Exercise brief :: Gather every line below where "media" appears.

[Crawled caption data]
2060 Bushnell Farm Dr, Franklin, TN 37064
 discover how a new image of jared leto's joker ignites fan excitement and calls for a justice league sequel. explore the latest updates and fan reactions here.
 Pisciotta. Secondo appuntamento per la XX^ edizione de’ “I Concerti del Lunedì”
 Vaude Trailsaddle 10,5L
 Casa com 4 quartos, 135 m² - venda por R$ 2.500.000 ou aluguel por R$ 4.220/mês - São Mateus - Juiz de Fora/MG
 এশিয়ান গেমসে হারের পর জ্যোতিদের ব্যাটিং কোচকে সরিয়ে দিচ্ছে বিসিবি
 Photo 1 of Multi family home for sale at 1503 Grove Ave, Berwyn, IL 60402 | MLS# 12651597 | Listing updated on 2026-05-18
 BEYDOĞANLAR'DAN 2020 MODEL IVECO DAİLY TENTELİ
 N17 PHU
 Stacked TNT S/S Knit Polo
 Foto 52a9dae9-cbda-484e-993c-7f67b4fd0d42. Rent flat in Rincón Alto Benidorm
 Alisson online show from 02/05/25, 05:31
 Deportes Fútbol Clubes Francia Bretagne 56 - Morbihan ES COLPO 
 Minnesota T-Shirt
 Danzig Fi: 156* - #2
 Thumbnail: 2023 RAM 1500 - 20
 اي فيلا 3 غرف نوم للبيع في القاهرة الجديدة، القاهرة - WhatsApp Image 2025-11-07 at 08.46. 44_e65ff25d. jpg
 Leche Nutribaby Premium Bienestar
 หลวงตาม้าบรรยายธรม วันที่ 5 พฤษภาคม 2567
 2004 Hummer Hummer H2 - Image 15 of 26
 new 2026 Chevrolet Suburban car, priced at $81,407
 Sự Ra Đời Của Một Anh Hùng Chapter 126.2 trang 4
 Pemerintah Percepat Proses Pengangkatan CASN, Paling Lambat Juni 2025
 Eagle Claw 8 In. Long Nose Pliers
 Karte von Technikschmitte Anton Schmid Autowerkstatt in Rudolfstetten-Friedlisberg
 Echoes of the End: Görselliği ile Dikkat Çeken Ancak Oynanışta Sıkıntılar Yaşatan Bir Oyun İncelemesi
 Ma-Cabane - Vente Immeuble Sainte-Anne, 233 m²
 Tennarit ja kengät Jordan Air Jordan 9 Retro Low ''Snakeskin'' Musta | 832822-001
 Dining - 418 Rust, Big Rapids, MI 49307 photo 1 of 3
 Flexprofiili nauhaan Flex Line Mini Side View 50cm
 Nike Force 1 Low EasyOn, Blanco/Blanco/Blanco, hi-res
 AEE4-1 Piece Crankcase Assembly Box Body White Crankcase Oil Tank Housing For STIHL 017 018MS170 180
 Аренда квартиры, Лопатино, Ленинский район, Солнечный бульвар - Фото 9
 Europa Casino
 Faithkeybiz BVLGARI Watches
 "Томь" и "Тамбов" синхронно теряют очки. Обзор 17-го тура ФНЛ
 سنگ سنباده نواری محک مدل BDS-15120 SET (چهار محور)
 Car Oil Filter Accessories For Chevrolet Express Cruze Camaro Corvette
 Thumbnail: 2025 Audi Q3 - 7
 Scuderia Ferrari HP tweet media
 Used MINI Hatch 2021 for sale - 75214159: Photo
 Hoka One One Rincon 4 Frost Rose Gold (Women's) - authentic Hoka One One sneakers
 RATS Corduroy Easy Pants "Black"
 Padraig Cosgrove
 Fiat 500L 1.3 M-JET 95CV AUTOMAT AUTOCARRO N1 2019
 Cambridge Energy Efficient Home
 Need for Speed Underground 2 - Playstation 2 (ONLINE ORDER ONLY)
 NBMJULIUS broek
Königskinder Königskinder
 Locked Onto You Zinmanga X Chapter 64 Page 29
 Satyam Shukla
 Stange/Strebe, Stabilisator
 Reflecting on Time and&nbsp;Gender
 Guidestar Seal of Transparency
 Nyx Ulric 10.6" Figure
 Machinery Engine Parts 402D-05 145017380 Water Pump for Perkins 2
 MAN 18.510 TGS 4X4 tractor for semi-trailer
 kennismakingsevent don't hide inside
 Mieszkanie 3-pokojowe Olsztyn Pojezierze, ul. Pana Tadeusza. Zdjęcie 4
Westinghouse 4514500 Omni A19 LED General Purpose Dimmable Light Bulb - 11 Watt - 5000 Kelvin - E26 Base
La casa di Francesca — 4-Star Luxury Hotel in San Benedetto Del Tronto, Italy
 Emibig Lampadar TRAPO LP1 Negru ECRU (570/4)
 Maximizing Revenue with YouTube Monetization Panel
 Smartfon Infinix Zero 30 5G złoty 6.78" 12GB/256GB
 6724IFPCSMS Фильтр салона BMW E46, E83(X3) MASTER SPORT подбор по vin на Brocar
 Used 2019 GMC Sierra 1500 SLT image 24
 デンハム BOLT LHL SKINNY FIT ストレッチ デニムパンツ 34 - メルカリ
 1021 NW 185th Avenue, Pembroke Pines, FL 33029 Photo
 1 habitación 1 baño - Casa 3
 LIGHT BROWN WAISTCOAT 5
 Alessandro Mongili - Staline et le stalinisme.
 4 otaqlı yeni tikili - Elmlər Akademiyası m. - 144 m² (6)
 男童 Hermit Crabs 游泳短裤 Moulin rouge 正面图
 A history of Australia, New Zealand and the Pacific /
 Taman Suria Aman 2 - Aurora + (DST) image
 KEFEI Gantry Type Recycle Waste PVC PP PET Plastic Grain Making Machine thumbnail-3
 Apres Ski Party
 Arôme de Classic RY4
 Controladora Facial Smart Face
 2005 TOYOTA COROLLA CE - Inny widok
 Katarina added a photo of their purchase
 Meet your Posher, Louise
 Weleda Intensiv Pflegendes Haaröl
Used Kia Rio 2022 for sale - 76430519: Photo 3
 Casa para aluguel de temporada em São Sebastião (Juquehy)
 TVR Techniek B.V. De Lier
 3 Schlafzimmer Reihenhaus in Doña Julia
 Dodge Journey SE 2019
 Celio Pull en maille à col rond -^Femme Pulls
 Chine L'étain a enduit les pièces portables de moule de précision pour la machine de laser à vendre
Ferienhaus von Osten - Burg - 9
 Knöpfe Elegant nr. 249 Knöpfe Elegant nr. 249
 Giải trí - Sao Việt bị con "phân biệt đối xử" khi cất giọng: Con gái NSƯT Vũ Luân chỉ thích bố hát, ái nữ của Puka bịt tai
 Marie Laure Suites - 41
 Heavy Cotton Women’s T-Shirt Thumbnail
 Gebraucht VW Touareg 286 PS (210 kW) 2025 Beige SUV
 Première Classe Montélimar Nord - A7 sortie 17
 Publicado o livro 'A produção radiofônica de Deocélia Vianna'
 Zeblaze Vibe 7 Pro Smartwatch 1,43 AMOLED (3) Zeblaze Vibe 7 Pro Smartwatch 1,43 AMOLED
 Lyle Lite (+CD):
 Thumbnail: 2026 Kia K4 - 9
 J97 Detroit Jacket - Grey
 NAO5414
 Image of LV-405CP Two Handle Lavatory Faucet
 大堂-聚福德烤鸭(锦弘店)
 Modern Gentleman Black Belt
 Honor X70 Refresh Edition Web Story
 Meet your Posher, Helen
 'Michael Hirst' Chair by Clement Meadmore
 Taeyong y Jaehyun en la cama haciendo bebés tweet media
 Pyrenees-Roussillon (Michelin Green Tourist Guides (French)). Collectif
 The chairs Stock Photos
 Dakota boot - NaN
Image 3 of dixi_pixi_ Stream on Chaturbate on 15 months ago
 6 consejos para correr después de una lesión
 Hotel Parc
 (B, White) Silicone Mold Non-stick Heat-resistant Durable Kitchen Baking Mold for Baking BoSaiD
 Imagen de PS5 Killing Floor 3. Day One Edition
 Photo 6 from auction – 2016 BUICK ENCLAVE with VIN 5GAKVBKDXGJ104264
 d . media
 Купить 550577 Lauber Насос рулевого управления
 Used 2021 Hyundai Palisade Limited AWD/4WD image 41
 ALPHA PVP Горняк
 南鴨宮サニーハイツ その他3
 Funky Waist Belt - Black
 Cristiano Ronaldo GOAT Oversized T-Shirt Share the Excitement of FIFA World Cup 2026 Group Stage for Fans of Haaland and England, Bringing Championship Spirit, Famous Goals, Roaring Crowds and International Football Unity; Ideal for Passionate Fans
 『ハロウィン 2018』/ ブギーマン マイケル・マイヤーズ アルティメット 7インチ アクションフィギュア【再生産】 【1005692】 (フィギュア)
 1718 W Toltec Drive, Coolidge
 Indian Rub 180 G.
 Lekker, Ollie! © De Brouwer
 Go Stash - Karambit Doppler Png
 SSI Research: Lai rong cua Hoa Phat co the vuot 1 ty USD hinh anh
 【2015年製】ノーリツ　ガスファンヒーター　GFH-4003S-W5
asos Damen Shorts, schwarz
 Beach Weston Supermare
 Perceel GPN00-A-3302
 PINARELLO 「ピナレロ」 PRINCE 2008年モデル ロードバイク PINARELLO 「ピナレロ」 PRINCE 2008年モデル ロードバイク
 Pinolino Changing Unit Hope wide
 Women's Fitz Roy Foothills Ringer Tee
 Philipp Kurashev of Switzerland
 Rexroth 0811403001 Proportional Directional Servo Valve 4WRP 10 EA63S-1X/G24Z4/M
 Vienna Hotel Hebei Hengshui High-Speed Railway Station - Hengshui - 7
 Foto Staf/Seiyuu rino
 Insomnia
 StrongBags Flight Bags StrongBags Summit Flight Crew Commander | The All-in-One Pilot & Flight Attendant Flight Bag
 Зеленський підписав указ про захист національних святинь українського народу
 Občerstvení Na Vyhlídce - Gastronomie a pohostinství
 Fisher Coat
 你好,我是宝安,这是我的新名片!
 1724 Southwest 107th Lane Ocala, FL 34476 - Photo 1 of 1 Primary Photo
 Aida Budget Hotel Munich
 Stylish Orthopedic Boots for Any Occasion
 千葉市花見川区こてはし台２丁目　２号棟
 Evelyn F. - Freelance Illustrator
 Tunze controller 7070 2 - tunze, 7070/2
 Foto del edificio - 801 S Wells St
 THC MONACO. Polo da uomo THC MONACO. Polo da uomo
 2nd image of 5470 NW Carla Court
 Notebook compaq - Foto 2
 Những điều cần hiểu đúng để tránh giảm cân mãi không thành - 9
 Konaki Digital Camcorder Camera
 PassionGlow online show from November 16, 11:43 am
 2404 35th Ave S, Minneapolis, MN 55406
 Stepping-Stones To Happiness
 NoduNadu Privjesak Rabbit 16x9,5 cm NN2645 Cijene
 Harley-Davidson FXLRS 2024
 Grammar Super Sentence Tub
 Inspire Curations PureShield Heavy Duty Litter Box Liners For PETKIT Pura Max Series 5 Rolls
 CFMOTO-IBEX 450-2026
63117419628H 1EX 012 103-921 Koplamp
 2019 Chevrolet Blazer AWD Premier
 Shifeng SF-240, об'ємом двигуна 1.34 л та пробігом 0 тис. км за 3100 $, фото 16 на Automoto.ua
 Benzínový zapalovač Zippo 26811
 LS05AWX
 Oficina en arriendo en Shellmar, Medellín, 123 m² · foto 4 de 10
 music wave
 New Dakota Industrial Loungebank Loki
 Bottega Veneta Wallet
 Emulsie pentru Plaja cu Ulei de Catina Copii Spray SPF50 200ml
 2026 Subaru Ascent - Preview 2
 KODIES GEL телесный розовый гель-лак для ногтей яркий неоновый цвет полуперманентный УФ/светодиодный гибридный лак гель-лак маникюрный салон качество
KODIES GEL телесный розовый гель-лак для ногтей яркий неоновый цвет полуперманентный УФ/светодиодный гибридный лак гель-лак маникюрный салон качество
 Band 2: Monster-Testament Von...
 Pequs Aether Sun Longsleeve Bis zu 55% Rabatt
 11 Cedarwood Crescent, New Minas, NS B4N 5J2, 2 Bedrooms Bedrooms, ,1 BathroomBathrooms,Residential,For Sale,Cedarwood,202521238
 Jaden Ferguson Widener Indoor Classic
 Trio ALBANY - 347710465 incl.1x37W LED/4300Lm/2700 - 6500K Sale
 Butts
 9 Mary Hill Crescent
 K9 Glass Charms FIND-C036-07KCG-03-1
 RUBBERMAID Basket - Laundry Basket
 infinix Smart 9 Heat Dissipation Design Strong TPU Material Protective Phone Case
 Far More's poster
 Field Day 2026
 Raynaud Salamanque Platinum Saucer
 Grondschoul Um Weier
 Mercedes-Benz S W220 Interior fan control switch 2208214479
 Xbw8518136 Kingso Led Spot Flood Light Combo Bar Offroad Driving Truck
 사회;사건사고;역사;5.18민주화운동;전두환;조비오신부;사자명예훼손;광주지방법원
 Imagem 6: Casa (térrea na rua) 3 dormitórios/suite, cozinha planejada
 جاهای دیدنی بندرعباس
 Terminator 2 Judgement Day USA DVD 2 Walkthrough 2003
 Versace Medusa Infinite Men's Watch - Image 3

Task output ::
 Scuderia Ferrari HP tweet media
 Taeyong y Jaehyun en la cama haciendo bebés tweet media
 d . media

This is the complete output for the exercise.